_Material provided_
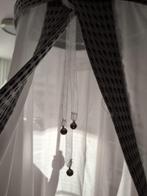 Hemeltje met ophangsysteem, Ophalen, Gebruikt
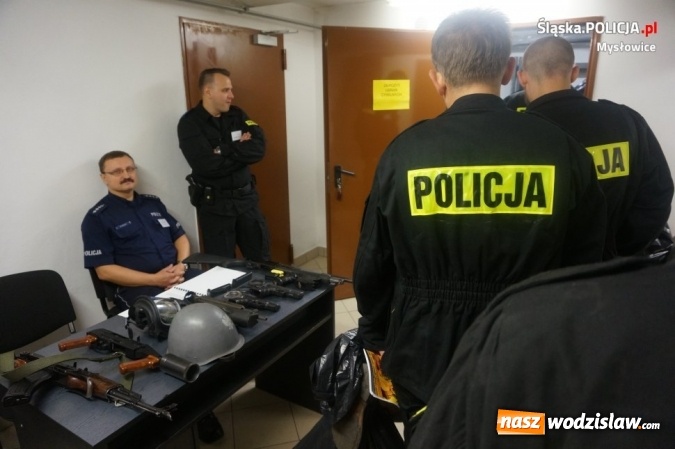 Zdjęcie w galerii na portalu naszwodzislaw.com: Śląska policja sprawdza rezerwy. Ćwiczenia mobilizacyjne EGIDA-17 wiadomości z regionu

---

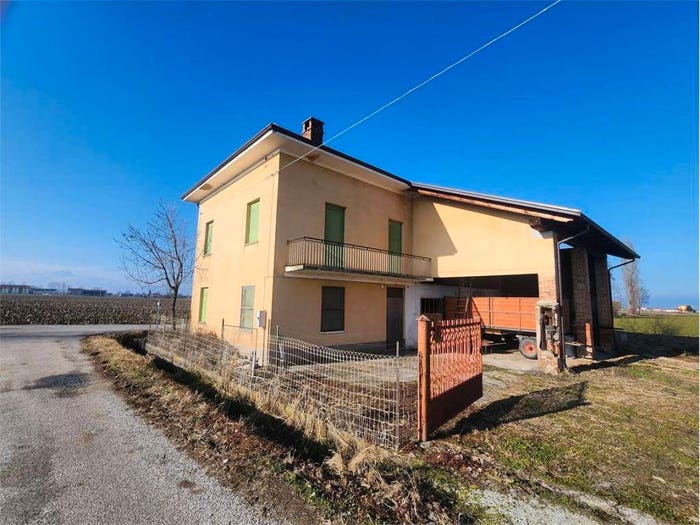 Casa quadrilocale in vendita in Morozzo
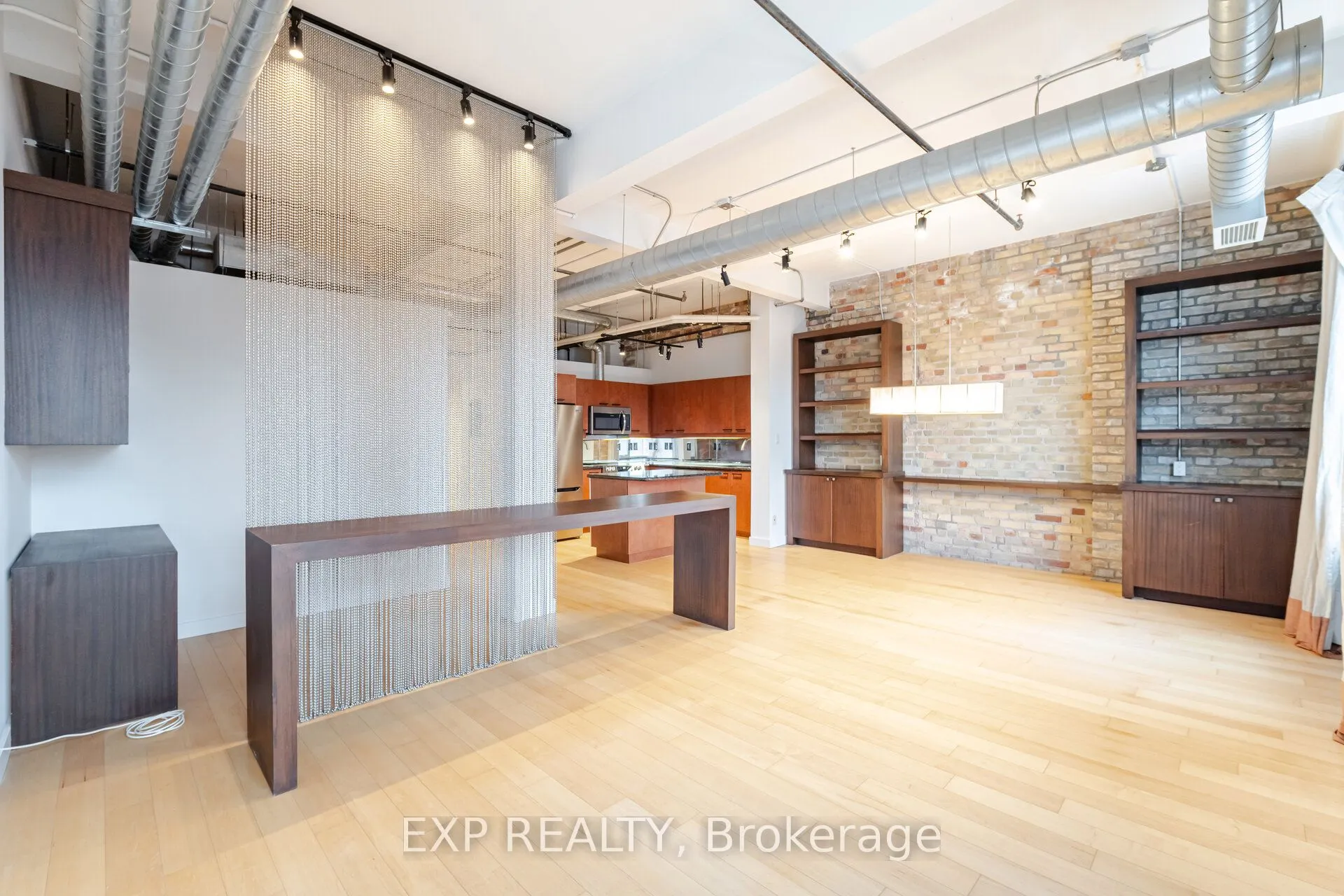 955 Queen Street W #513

_Exercise requirements_
In the records above, find the line with "Hemeltje met ophangsysteem, Ophalen, Gebruikt" and the line with "Zdjęcie w galerii". Write out exactly those lines and every one between, with no pictures and no other lines.

_Response to the task_
 Hemeltje met ophangsysteem, Ophalen, Gebruikt
 Zdjęcie w galerii na portalu naszwodzislaw.com: Śląska policja sprawdza rezerwy. Ćwiczenia mobilizacyjne EGIDA-17 wiadomości z regionu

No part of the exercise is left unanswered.